DATA TO USE >>

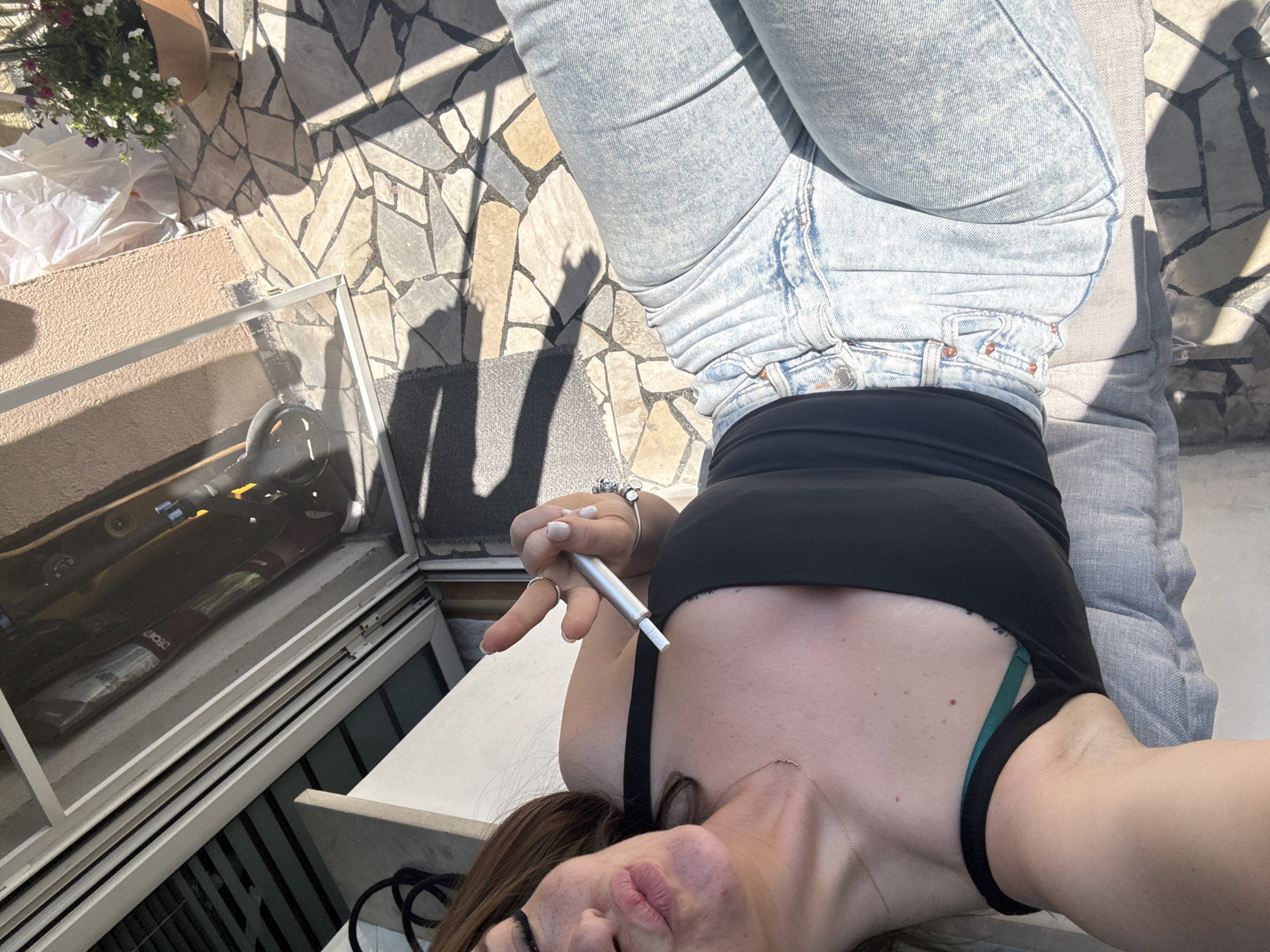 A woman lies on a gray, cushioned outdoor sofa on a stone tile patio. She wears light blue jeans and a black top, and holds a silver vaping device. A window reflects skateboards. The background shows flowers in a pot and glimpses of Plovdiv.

--

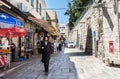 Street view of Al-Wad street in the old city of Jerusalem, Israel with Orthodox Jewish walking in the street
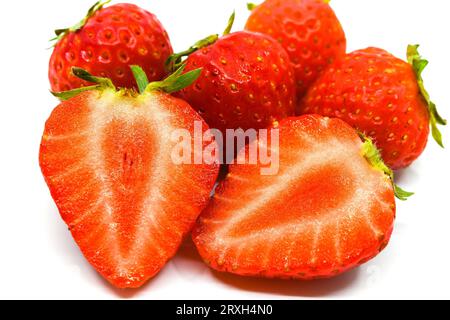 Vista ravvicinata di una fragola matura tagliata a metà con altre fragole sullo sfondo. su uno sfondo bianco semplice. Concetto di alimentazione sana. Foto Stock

WORK ITEM >> Would you transcribe the lines above exactly, going from the line bearing "Street view of" through the line bearing "Vista ravvicinata di", and drop the pictures from the copy?

TASK RESPONSE >>
 Street view of Al-Wad street in the old city of Jerusalem, Israel with Orthodox Jewish walking in the street
 Vista ravvicinata di una fragola matura tagliata a metà con altre fragole sullo sfondo. su uno sfondo bianco semplice. Concetto di alimentazione sana. Foto Stock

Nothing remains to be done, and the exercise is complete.